Full Data vs Incremental Data in Messaging

My recent experiments with messaging for a distributed application led to a realization that I would like to share with you in this post. It’s not an earth shaking discovery but you may still find it interesting.

Do you remember an old Unix command to create tape backups called dump? Remember its concept of levels? To refresh your memory, in a nutshell level 0 (full backup) includes all files on the filesystem, and any other level corresponds to incremental backup where only files modified since last backup are included.

It turns out somewhat similar concept applies to messaging, specifically to the contents of messages themselves.

A message in general is some piece of information that one system passes to another. On one hand, publisher may make an observation, extract information from it, package entire current state into a blob, and send it out as a message. The same sequence of operations is performed at regular intervals. Examples of this model include sending a message about processes currently running on the system, clients currently connected to a server, current usage of RAM, etc. This model roughly corresponds to dump’s level 0 - consumer needs just a single message to obtain all information that publisher sent, there is no need for consumer to accumulate and merge a series of messages to get the full picture.

On the other hand, a publisher can send a message that contains information about a single event. For example, a new client connected, a new job got submitted to the backend, hard disk failed. This mode is more like incremental backup - a message contains only a delta, its payload doesn’t carry entire state.
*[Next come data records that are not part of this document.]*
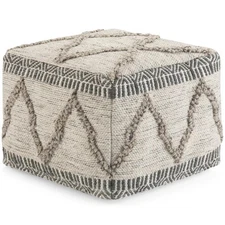 Sweeney Boho Square Pouf in Grey, Natural Handloom Woven Pattern for the Livi...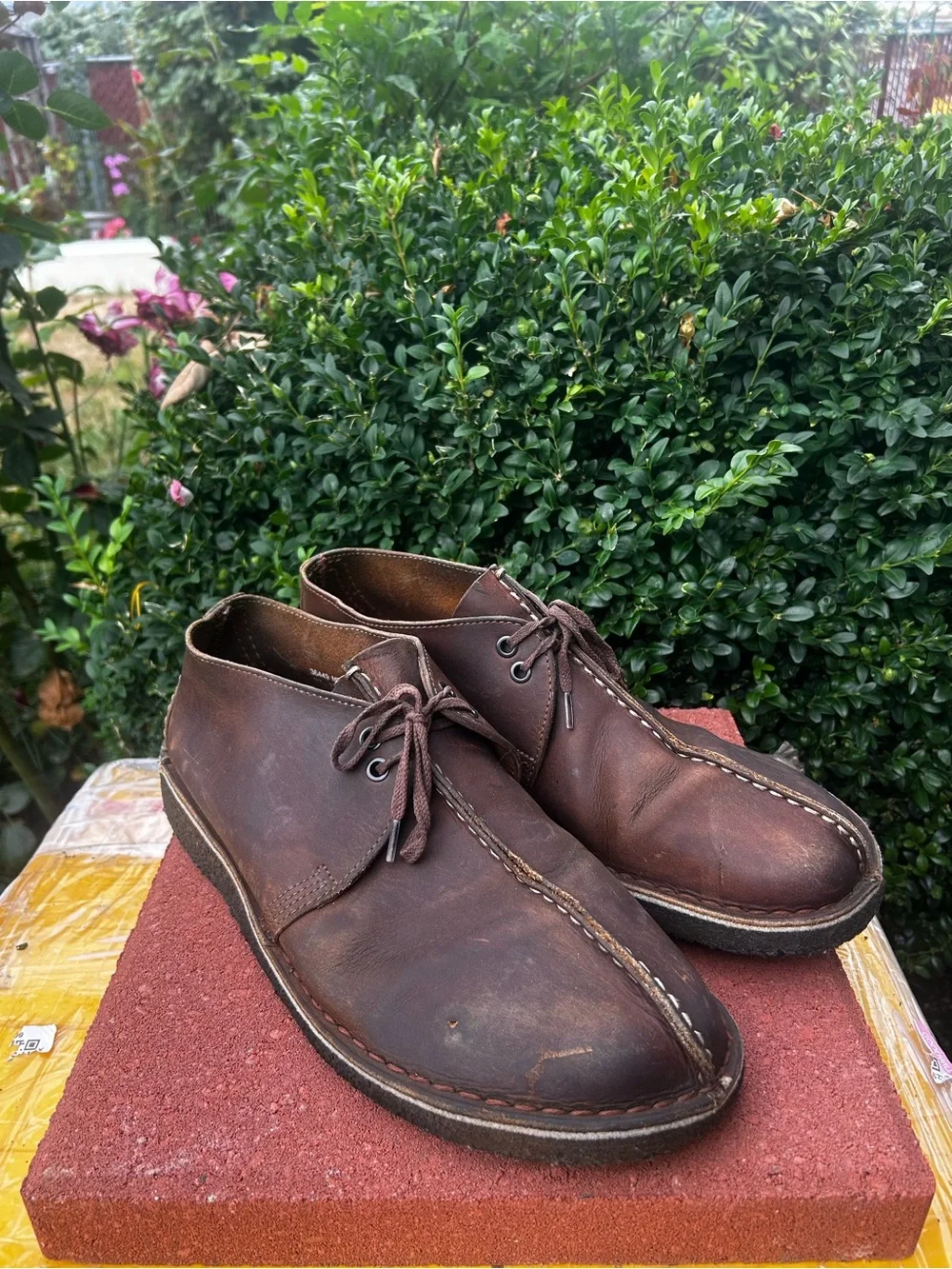 Clark’s Desert Trek Men’s Brown Leather Chukka Boots Size 11.4
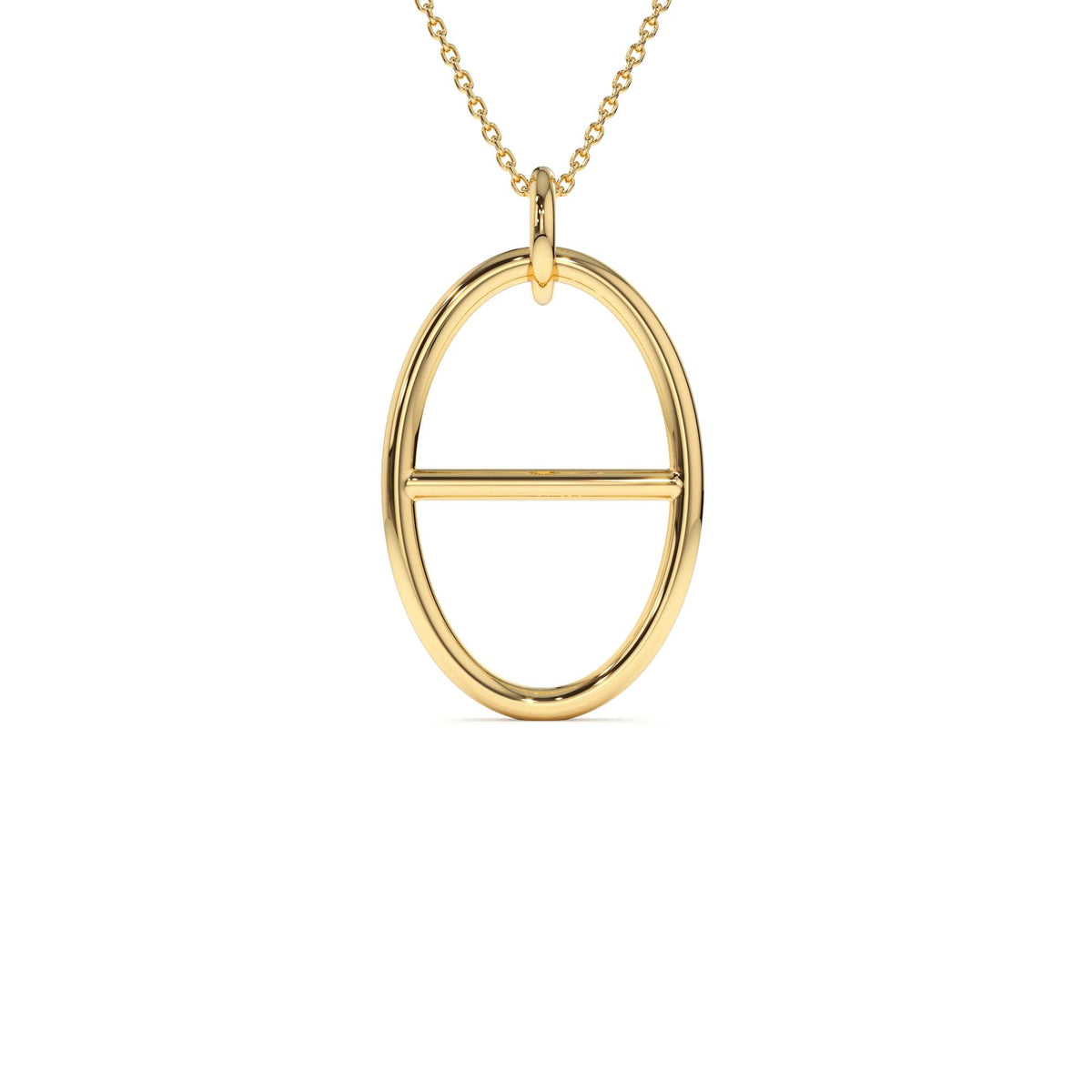 Minimalist Oval Pendant Necklace in 14K Gold — view 1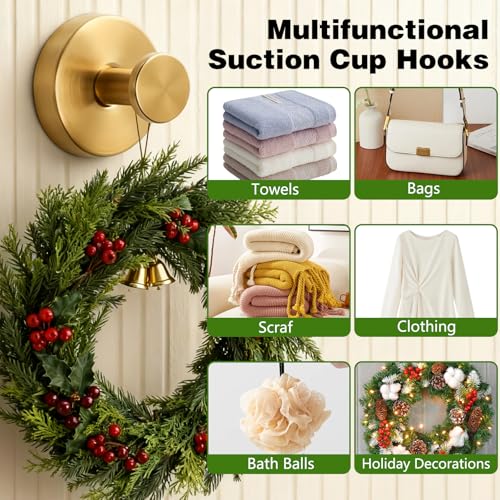 Strong Suction Cup Hooks for Wreaths - Damage-Free, Rust-Resistant, 4-Pack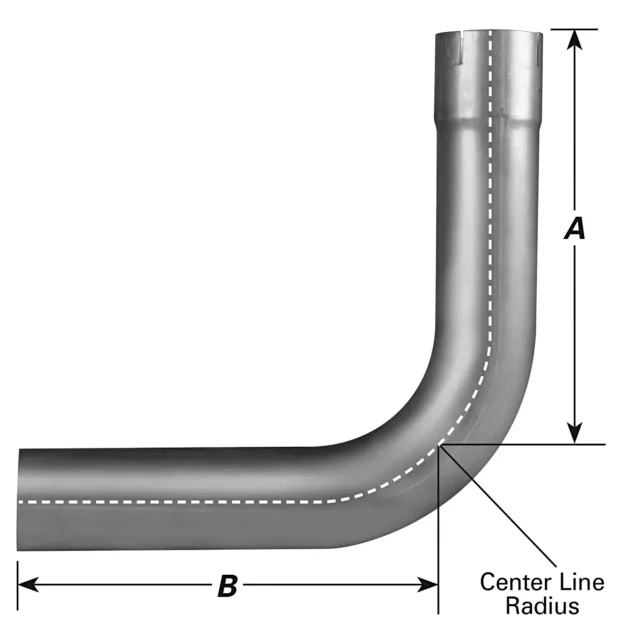 AP Exhaust® - Elbow - 90°, 1 1/2" Dia., ID-OD, 6 1/2"- 6 1/2" Lgth, 4" CLR,
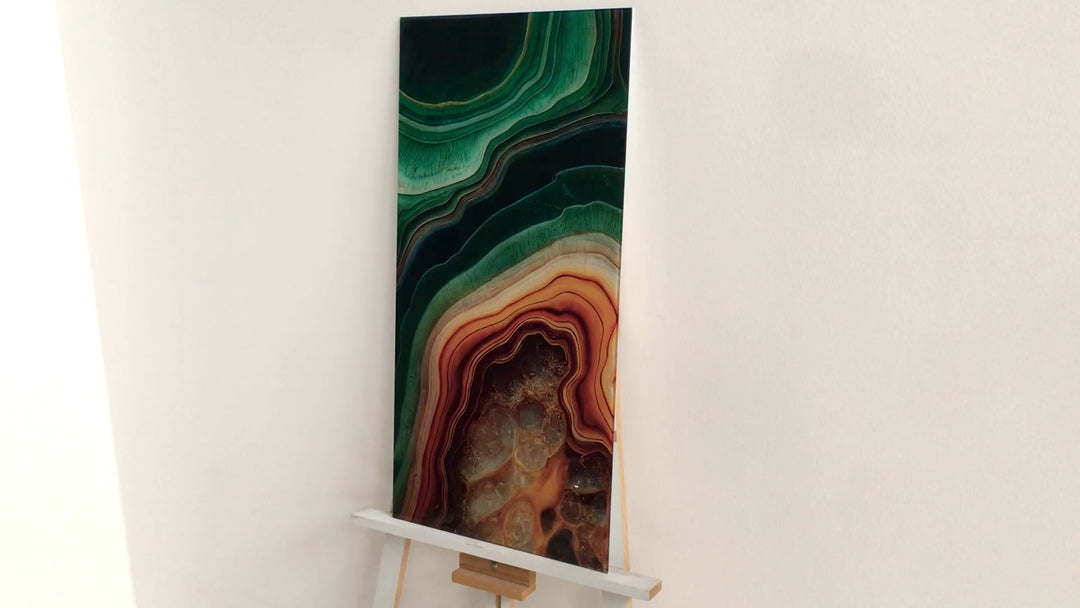 Green Geode Rock Glass Wall Art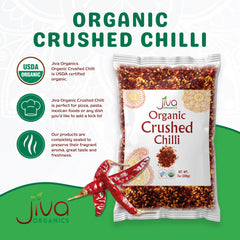 Jiva Organics chili flakes packaging back with organic and non GMO notes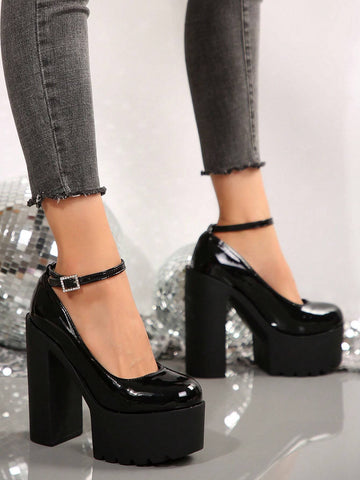 Women High Heel Shoes Chunky Heels Shiny Pumps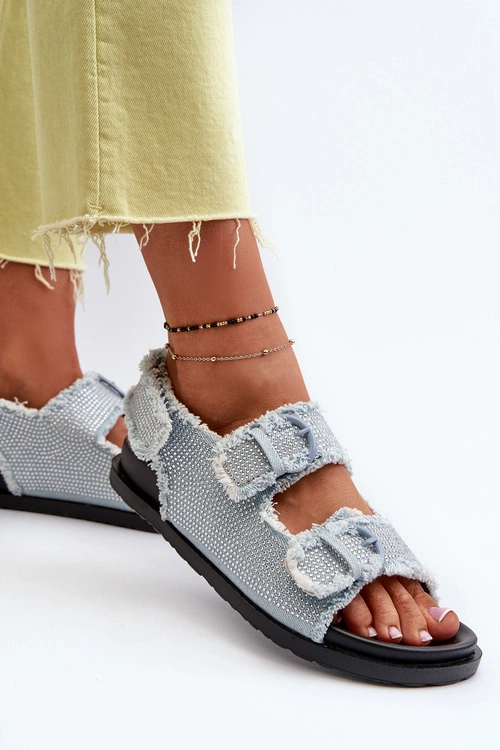 Jeansowe Zdobione Sandały Damskie Niebieskie Irmale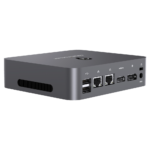 MinisForum X35G Windows Intel NUC Mini PC - Shown from the back at angle with 2x USB Type-A 2.0, 2x RJ45 Ethernet Ports, Display Port and HDMI Port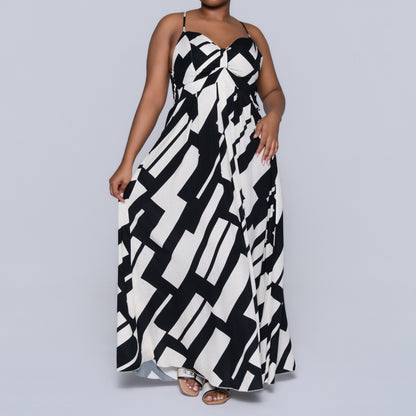 Strappy Printed Dress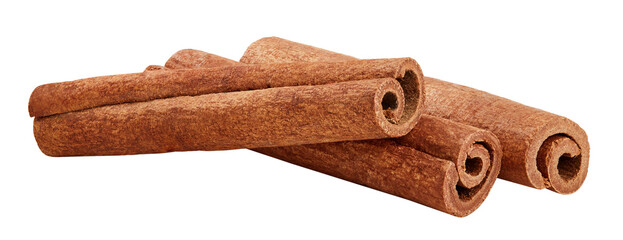 Cinnamon sticks isolated on white background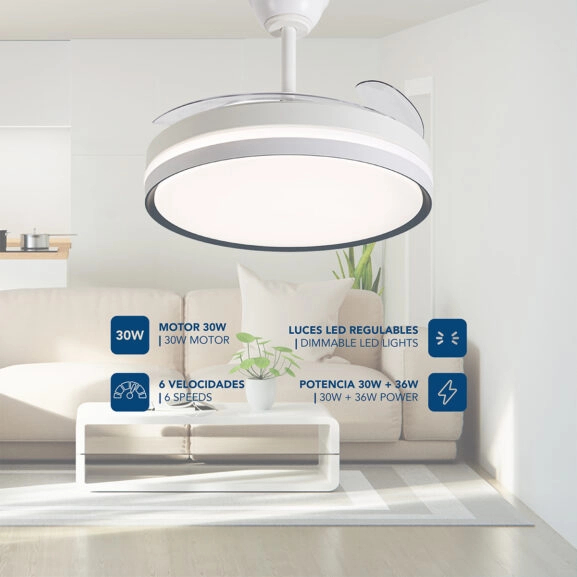 VENTILADOR TECHO 42" ASPAS RETRACTILES - Image 3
Each of these models has its good and bad sides. In full data model, a single message is sufficient to transfer all knowledge about current state from producer to consumer, and consumer can start reading messages at any point in the queue - by design it will catch up once it receives and processes at least one message. The downsides of this model are waste of bandwidth and processing power (if there are no changes, same contents will be transferred over and over again) and the fact that delta must be calculated by consumer (for example, having received 2 “ps auxww” outputs, consumer would have to diff them and parse the result).

Incremental data model clearly provides an easy delta and is less wasteful on resources, but requires consumer to merge multiple messages to get entire picture and as a result is sensitive to a point from which a consumer starts reading the queue.

A potential solution is to do what dump does - send full data once in a while, followed by deltas. This way consumer will catch up eventually - once it gets full data message (which will come sooner or later). Another caveat is that not always does a consumer need a full picture - in a classic scalability scenario of supervisor-workers model, workers rarely need more than contents of their current job contained in an incremental message.

But it’s not the end of it. While working on a problem, I realized that usually I as a developer don’t even get to choose which model to use - it’s dictated to me by the nature of information I am trying to pass from one system to another. Some data can be easily obtained as full and very difficult to obtain as incremental, some vice versa. For example, a list of current processes on Linux is trivial to obtain as full (ps auxww) and quite difficult to obtain as incremental (I would need a notification about when each process starts and dies). Or in case of incoming jobs - it’s easy to obtain delta (one job) but it’s quite difficult to know current status of all jobs.

My conclusion here is that there are 2 main factors to think about:

  1. can my publisher get data in full or incremental form?
  2. does my consumer need data in full or incremental form?

If the answers to above questions are the same, you are good to go. But if they are different, you need to understand potential issues as discussed above and analyze further. I hope to be able to provide more practical thoughts on this in the future - stay tuned.

Categories: rabbitmq | software-engineering |

Comments (1)

Ben Hyde // 25 Jun 2009

I was interested to notice that the canonical model of a Google Waves is the series of operations that when played back will create the wave. It appears that they settled on that because the crypto. That crypto runs hashes over the the operation series, and these are signed by the server in the federation that originated that operation.